Entospletinib in Combination With Idelalisib in Adults With Relapsed or Refractory Hematologic Malignancies

ORR assessed by the Independent Review Committee (IRC), was based on the International Working Group Revised Response Criteria (Cheson, 2012) and investigator's response, defined as the percentage of participants achieving a complete response (CR) or partial response (PR) (or very good partial response \[VGPR\] or minor response \[MR\] for participants with LPL/WM). CR was defined as the complete resolution of all disease-related radiological abnormalities and the disappearance of all signs and symptoms related to the disease. PR was defined as a ≥ 50% reduction in the sum of the products of the longest perpendicular diameters of all index lesions, with no new lesions. VGPR and MR were defined as ≥ 90% and ≥ 25% but \< 50% decrease from baseline in serum monoclonal immunoglobulin M (IgM) concentration by serum protein electrophoresis (SPEP) respectively.

Time frame: Start of treatment to end of treatment (Up to 18 months)

Population: The study was terminated due to safety measures. Complete data was not collected for any participant.
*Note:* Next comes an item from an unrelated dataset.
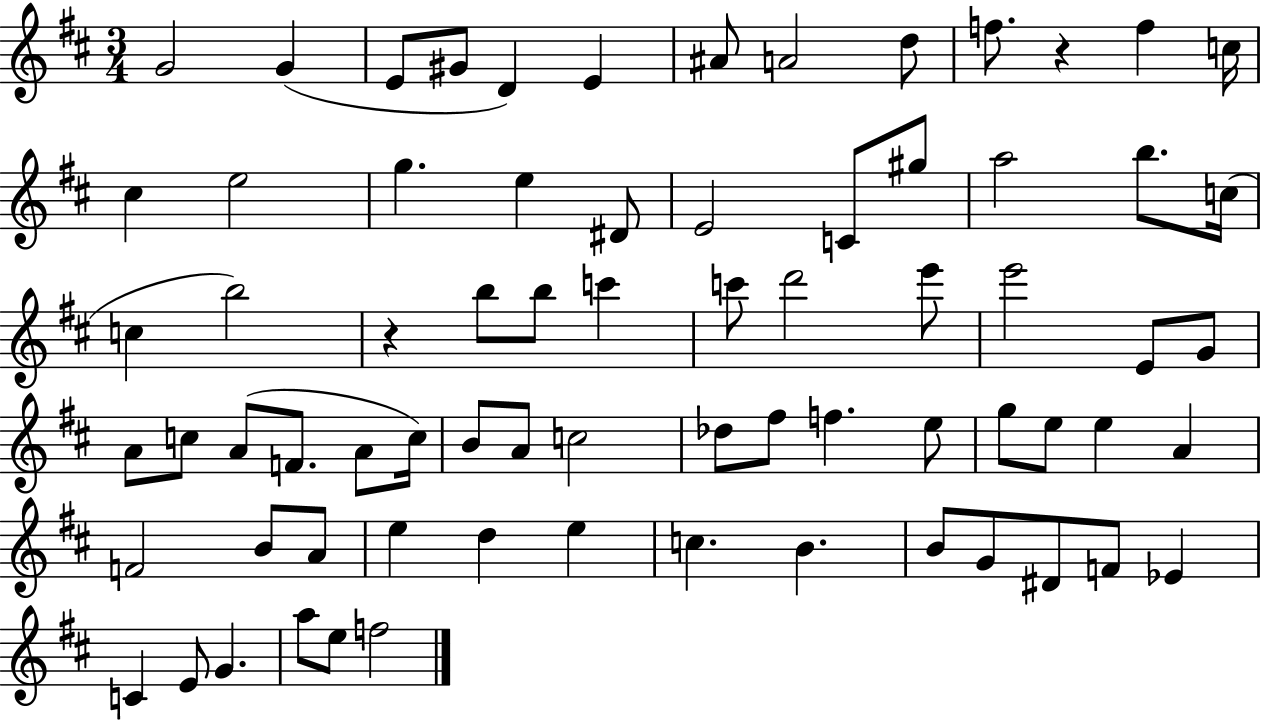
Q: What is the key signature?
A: D major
DOR was defined as the interval from the first-time response (CR or PR \[or VGPR or MR for participants with LPL/WM\]) is achieved to the earlier of the first documentation of definitive disease progression or death from any cause.CR was defined as the complete resolution of all disease-related radiological abnormalities and the disappearance of all signs and symptoms related to the disease. PR was defined as a ≥ 50% reduction in the sum of the products of the longest perpendicular diameters of all index lesions, with no new lesions. VGPR and MR were defined as ≥ 90% and ≥ 25% but \< 50% decrease from baseline in serum monoclonal IgM concentration by SPEP respectively.
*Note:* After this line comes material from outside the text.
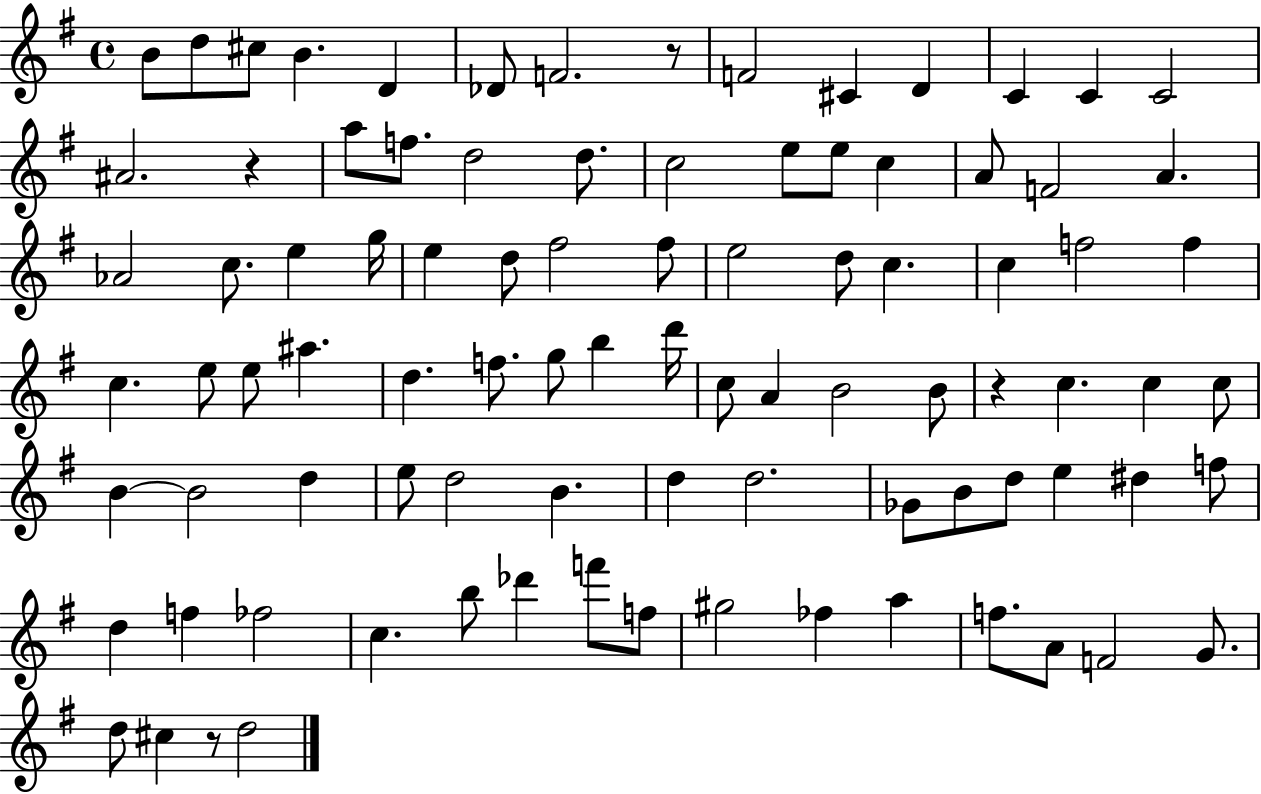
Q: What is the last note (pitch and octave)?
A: D5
Time frame: Start of treatment to end of treatment (Up to 18 months)

Population: The study was terminated due to safety measures. Complete data was not collected for any participant.

Maximum tolerated dose (MTD) is defined as the highest dose level that was consistently well tolerated without dose limiting toxicity (DLT) for the majority of participants time on treatment (ie,\> 50%) as determined by the investigator for each participant. DLTs are defined as Grade 4 hematological toxicities persisting for ≥ 14 days or Grade ≥ 3 toxicities of other types.
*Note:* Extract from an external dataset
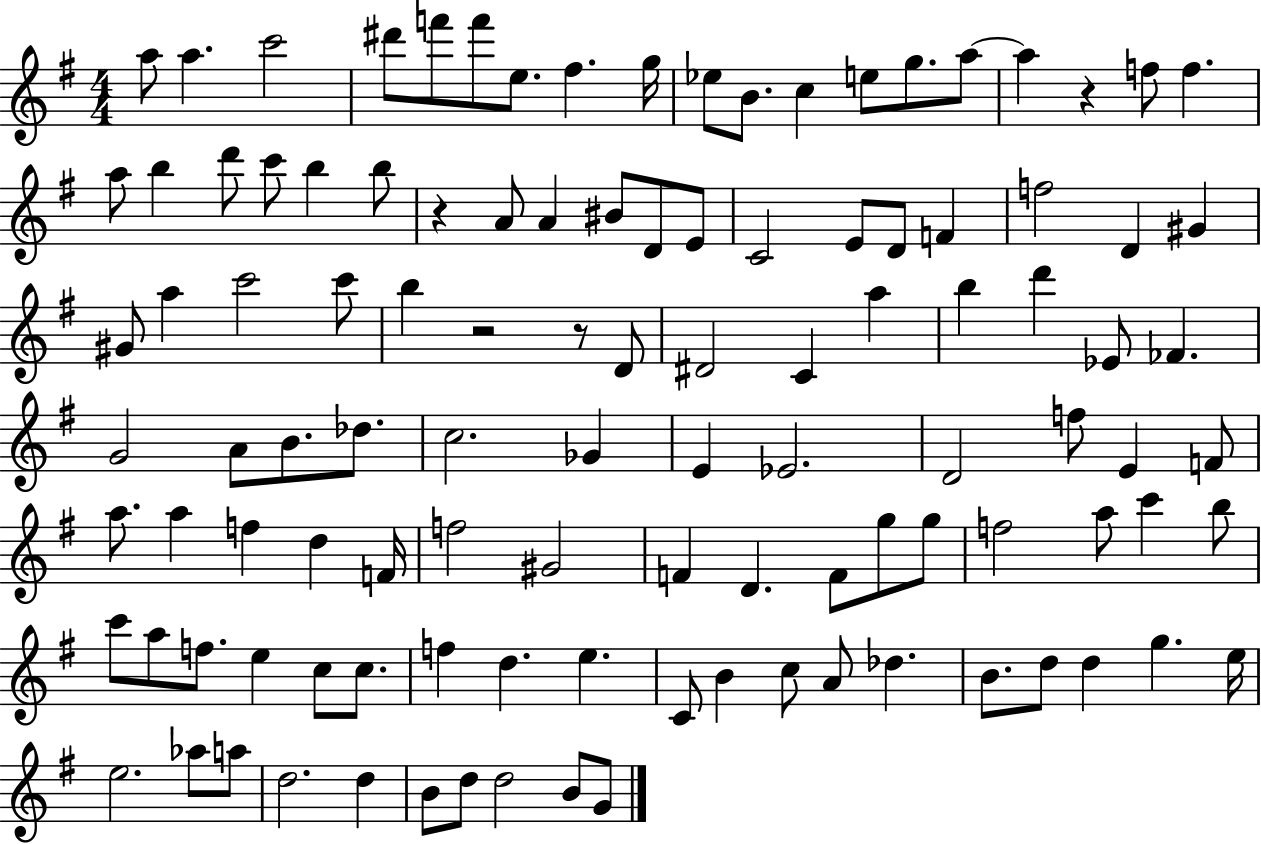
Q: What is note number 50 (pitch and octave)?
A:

Time frame: First dose (entospelinib + idelalisib) date up to 6 months

Population: The study was terminated due to safety measures. Complete data was not collected for any participant.

A treatment-emergent Adverse Event (AE) was defined as any AE with an onset date of on or after the study drug start date and no later than 30 days after permanent discontinuation of study drugs or an AE leading to premature discontinuation of study drug. An AE is any untoward medical occurrence in a clinical investigation where participants administered a medicinal product, and which does not necessarily have a causal relationship with this treatment.

Time frame: First dose date up to the last dose date plus 30 days (maximum duration: 19 months)

Population: The Safety Analysis Set comprised all participants who received ≥ 1 dose of study drug (entospletinib or idelalisib).

A treatment-emergent laboratory (Hematology, Serum Chemistry and Urinalysis) abnormality was defined as an abnormality that, compared to baseline, worsens by ≥ 1 grade in the period from the first dose of study drug. Safety as assessed by grading of laboratory values and AEs according to the National Cancer Institutes' Common Terminology Criteria for Adverse Events (NCI CTCAE) version 4.03. Grade 0 = none, Grade 1 = mild, Grade 2 = moderate, Grade 3 = severe, Grade 4 = life threatening or disabling. If baseline data are missing, then any graded abnormality (i.e., an abnormality that is Grade ≥ 1 in severity) will be considered treatment-emergent. The percentage of participants in each worst postbaseline grade is reported.

Time frame: First dose date up to the last dose date plus 30 days (maximum: 18 months)

Population: Participants in the Safety Analysis Set were analyzed.

PFS was defined as the interval from the first dose of study drug to the earlier of the first documentation of definitive disease progression or death from any cause.

Time frame: Start of treatment to end of treatment (Up to 18 months)

Population: The study was terminated due to safety measures. Complete data was not collected for any participant.

TTR was defined as the interval from the first dose of entospletinib/idelalisib to the time response (CR or PR \[or VGPR or MR for participants with LPL/WM\]) is first achieved. CR was defined as the complete resolution of all disease-related radiological abnormalities and the disappearance of all signs and symptoms related to the disease. PR was defined as a ≥ 50% reduction in the sum of the products of the longest perpendicular diameters of all index lesions, with no new lesions. VGPR and MR were defined as ≥ 90% and ≥ 25% but \< 50% decrease from baseline in serum monoclonal IgM concentration by SPEP respectively.

Time frame: Start of treatment to end of treatment (Up to 18 months)

Population: The study was terminated due to safety measures. Complete data was not collected for any participant.